*** Opening DATA EXTRACTS ***

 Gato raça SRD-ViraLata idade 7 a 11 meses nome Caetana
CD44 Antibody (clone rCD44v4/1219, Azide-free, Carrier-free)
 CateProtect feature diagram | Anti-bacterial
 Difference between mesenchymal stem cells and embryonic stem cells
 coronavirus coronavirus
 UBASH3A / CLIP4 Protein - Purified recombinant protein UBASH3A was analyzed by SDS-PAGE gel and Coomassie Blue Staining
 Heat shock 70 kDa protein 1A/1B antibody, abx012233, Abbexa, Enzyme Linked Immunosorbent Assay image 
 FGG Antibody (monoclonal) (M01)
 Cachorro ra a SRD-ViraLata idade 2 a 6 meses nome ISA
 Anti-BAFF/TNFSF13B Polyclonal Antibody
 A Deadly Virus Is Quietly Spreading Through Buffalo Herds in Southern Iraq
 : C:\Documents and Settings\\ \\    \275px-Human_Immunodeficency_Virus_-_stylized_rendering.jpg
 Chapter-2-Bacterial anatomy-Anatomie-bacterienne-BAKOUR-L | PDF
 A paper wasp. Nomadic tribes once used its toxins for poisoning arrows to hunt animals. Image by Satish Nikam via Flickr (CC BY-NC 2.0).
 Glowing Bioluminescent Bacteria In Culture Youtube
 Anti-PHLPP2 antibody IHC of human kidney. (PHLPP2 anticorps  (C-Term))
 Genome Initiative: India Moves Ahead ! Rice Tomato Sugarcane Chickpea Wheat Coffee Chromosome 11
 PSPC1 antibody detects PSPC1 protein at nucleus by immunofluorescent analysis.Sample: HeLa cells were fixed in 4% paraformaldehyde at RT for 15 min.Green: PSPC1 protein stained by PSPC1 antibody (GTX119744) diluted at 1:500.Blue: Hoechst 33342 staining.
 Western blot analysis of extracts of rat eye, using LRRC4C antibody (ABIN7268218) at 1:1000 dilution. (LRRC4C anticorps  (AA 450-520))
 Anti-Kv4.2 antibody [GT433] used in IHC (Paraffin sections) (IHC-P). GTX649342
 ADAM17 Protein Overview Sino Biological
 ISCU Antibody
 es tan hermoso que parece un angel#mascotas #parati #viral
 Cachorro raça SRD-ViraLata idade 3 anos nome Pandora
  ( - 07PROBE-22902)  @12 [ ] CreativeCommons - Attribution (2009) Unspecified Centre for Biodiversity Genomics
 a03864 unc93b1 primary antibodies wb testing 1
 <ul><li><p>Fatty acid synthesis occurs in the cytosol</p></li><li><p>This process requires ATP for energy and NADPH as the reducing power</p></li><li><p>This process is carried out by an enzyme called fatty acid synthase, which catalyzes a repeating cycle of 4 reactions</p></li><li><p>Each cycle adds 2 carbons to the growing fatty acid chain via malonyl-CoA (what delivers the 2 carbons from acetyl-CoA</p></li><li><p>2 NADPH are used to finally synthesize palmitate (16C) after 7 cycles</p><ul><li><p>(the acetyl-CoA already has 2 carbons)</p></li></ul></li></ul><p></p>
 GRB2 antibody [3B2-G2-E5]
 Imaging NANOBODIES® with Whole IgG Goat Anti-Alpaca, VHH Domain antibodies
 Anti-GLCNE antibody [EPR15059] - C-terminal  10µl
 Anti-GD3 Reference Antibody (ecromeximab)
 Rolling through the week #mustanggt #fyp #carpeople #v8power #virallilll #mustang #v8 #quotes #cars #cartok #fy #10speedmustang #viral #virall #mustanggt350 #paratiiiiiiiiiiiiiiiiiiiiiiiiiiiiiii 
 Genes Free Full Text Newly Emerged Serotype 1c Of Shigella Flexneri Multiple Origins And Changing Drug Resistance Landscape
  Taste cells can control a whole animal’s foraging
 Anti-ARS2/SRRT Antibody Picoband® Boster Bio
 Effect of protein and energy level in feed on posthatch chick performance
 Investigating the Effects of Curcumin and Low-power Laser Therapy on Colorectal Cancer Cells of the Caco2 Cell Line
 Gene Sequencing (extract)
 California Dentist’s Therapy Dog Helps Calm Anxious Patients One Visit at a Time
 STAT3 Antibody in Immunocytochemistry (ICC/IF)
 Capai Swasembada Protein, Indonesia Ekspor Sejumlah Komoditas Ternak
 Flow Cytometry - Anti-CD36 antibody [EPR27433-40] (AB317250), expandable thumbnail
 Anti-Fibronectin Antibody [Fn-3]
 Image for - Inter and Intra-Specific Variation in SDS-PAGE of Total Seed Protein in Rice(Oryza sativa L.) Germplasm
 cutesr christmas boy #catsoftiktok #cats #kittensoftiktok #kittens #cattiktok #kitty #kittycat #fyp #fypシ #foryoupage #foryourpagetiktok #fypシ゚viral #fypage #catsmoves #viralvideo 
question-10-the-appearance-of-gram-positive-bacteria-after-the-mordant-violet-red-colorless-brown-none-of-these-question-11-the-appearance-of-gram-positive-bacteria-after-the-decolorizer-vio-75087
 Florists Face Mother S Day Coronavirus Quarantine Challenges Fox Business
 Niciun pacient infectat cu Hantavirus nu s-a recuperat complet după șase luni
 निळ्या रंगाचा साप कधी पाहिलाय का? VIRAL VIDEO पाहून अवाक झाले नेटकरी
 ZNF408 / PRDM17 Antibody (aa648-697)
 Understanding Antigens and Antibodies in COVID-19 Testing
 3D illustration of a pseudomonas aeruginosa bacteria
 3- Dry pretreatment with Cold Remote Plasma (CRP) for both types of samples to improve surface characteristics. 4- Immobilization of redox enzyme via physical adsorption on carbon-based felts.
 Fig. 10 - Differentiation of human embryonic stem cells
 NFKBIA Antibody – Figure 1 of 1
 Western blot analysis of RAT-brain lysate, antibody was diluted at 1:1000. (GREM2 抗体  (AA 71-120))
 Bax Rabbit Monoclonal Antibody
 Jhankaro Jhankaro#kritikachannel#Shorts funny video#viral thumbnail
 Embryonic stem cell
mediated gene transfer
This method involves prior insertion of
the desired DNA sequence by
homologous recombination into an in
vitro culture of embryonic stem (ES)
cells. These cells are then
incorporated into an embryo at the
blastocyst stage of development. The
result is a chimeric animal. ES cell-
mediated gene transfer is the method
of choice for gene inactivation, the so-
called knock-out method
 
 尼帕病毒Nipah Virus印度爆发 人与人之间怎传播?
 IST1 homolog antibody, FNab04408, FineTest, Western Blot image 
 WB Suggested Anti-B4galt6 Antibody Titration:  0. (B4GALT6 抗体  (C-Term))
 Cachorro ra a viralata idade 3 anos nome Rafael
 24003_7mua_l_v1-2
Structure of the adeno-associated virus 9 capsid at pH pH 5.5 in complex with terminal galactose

*** Closing DATA EXTRACTS ***

Search the entries for the line holding "Understanding Antigens and". Return that line and the ones after it through the last, exactly.

## [ANSWER TO THIS TASK]
 Understanding Antigens and Antibodies in COVID-19 Testing
 3D illustration of a pseudomonas aeruginosa bacteria
 3- Dry pretreatment with Cold Remote Plasma (CRP) for both types of samples to improve surface characteristics. 4- Immobilization of redox enzyme via physical adsorption on carbon-based felts.
 Fig. 10 - Differentiation of human embryonic stem cells
 NFKBIA Antibody – Figure 1 of 1
 Western blot analysis of RAT-brain lysate, antibody was diluted at 1:1000. (GREM2 抗体  (AA 71-120))
 Bax Rabbit Monoclonal Antibody
 Jhankaro Jhankaro#kritikachannel#Shorts funny video#viral thumbnail
 Embryonic stem cell
mediated gene transfer
This method involves prior insertion of
the desired DNA sequence by
homologous recombination into an in
vitro culture of embryonic stem (ES)
cells. These cells are then
incorporated into an embryo at the
blastocyst stage of development. The
result is a chimeric animal. ES cell-
mediated gene transfer is the method
of choice for gene inactivation, the so-
called knock-out method
 
 尼帕病毒Nipah Virus印度爆发 人与人之间怎传播?
 IST1 homolog antibody, FNab04408, FineTest, Western Blot image 
 WB Suggested Anti-B4galt6 Antibody Titration:  0. (B4GALT6 抗体  (C-Term))
 Cachorro ra a viralata idade 3 anos nome Rafael
 24003_7mua_l_v1-2
Structure of the adeno-associated virus 9 capsid at pH pH 5.5 in complex with terminal galactose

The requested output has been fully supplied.